### [Requirement]
Give back, word for word, the lines in the listing below from the one holding "For iPhone 15" down to the one holding "Diamond Hoop Earrings", both ends included.

### [Data supplied]
----

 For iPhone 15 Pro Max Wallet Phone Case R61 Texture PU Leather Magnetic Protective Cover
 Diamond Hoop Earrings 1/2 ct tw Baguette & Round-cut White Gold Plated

----

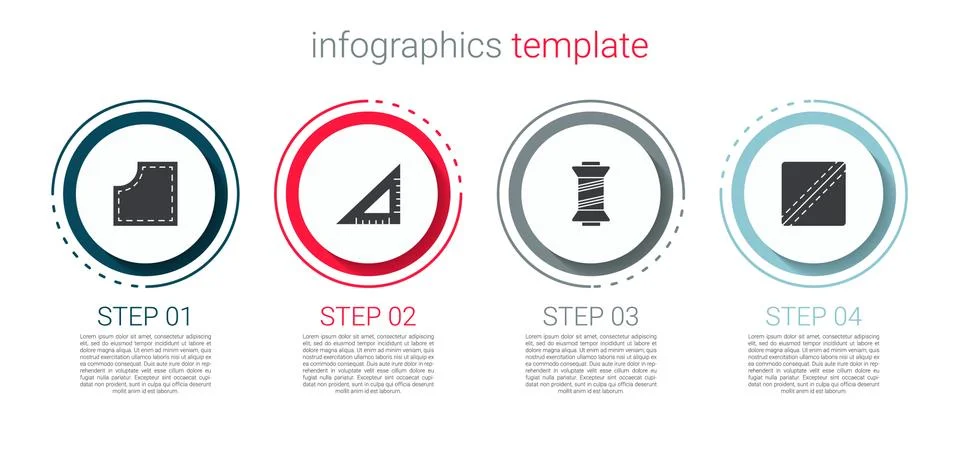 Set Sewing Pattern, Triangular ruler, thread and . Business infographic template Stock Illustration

----

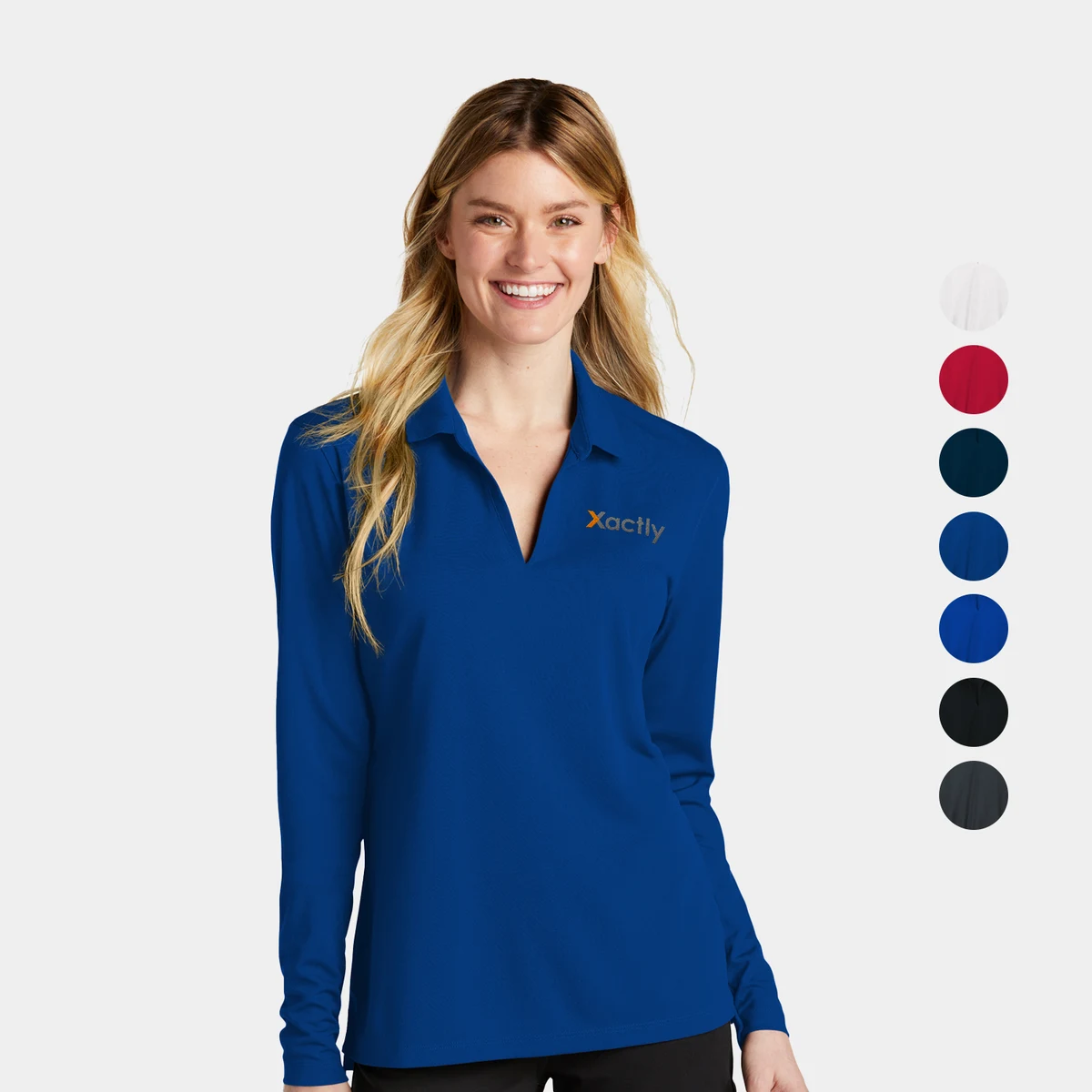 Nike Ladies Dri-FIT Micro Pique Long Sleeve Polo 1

----

### [Answer space]
 For iPhone 15 Pro Max Wallet Phone Case R61 Texture PU Leather Magnetic Protective Cover
 Diamond Hoop Earrings 1/2 ct tw Baguette & Round-cut White Gold Plated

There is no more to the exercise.